WHAT THE TASK REQUIRES:
Print, in exact form, the lines below from the one containing "7/2 Mooney Street, Strathfield" through the one containing "Set van 2x stuks", and omit all others.

SUPPLIED RECORDS:
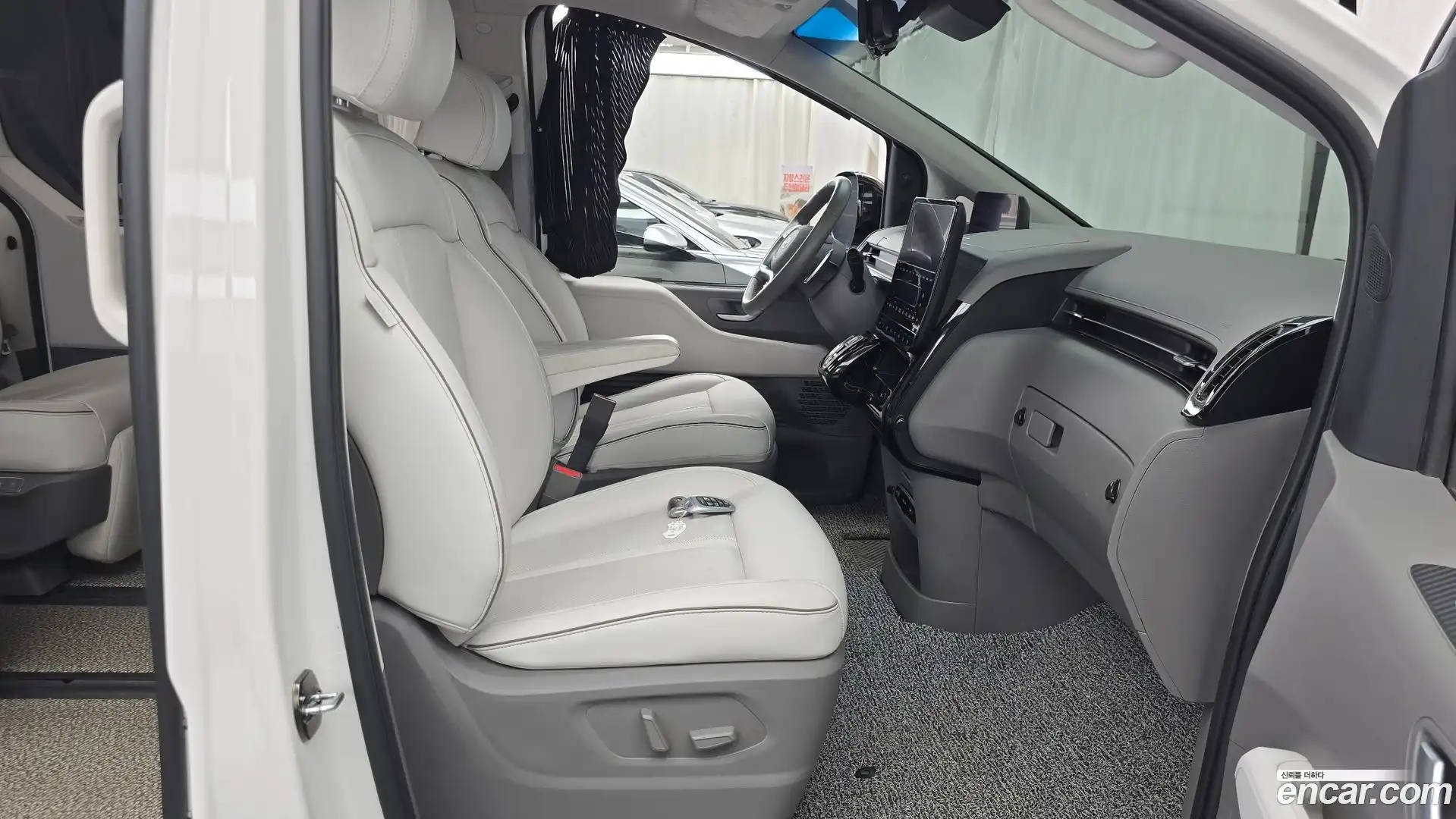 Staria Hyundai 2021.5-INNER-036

* * *

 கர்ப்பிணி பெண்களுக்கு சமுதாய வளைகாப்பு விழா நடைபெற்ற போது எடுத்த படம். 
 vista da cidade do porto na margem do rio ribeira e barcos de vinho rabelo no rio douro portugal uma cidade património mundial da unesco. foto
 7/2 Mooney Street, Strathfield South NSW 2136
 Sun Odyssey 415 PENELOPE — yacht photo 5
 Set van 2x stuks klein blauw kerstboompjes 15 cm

---

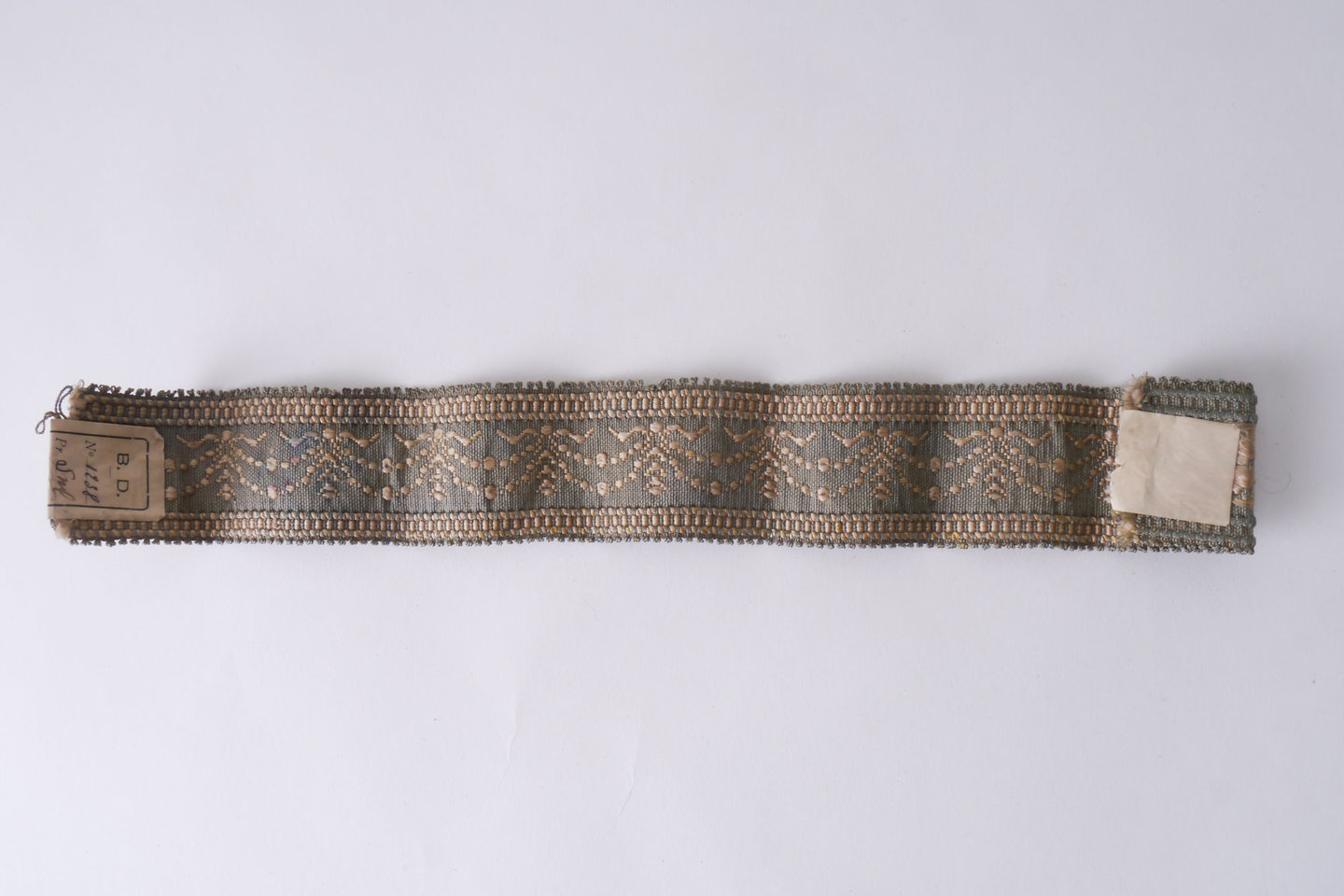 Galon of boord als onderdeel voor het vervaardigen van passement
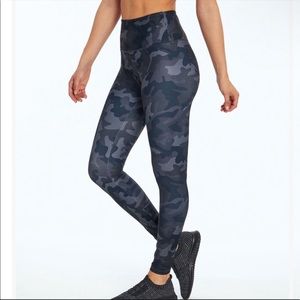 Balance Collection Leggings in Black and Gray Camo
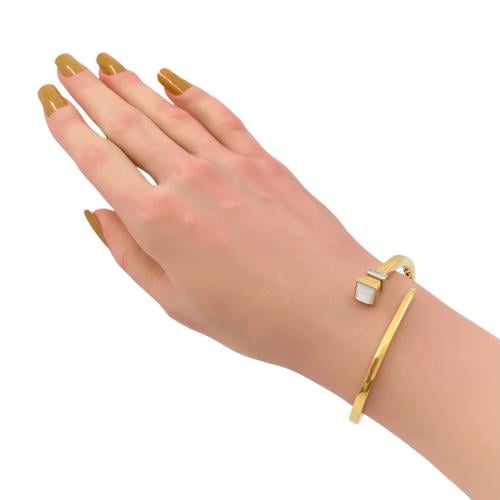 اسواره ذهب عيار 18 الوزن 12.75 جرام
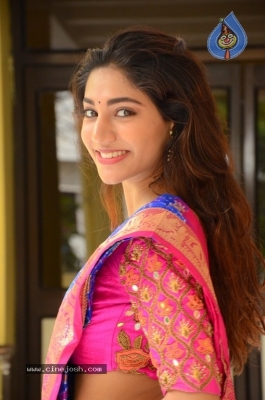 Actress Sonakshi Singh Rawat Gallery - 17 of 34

FINAL ANSWER:
 7/2 Mooney Street, Strathfield South NSW 2136
 Sun Odyssey 415 PENELOPE — yacht photo 5
 Set van 2x stuks klein blauw kerstboompjes 15 cm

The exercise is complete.